MEXICO CITY – Nobel laureate Gabriel Garcia Marquez crafted intoxicating fiction from the fatalism, fantasy, cruelty and heroics of the world that set his mind churning as a child growing up on Colombia’s Caribbean coast.
One of the most revered and influential writers of his generation, he brought Latin America’s charm and maddening contradictions to life in the minds of millions and became the best-known practitioner of “magical realism,” a blending of fantastic elements into portrayals of daily life that made the extraordinary seem almost routine.
In his works, clouds of yellow butterflies precede a forbidden lover’s arrival. A heroic liberator of nations dies alone, destitute and far from home. “A Very Old Man With Enormous Wings,” as one of his short stories is called, is spotted in a muddy courtyard.
Garcia Marquez’s own epic story ended Thursday, at age 87, with his death at his home in southern Mexico City, according to two people close to the family who spoke on condition of anonymity out of respect for the family’s privacy.
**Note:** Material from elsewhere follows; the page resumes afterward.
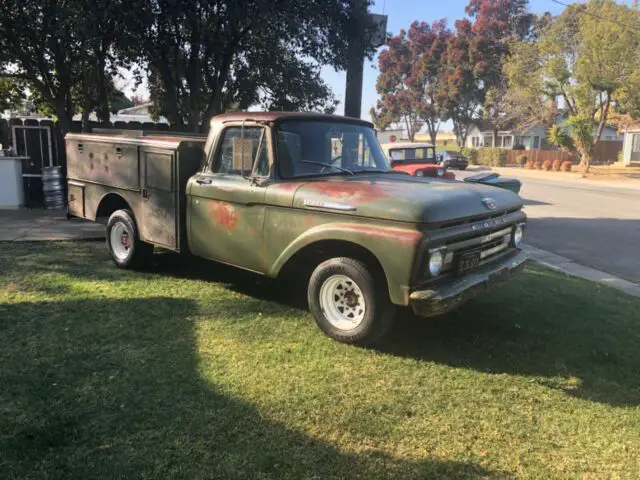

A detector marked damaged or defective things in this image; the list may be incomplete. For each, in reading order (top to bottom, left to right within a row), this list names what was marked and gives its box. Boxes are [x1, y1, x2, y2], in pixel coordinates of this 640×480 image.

Known to millions simply as “Gabo,” Garcia Marquez was widely seen as the Spanish language’s most popular writer since Miguel de Cervantes in the 17th century. His extraordinary literary celebrity spawned comparisons with Mark Twain and Charles Dickens.
His flamboyant and melancholy works – among them “Chronicle of a Death Foretold,” “Love in the Time of Cholera” and “Autumn of the Patriarch” – outsold everything published in Spanish except the Bible. The epic 1967 novel “One Hundred Years of Solitude” sold more than 50 million copies in more than 25 languages.
With writers including Norman Mailer and Tom Wolfe, Garcia Marquez was also an early practitioner of the literary nonfiction that would become known as New Journalism. He became an elder statesman of Latin American journalism, with magisterial works of narrative non-fiction that included the “Story of A Shipwrecked Sailor,” the tale of a seaman lost on a life raft for 10 days. He was also a scion of the region’s left.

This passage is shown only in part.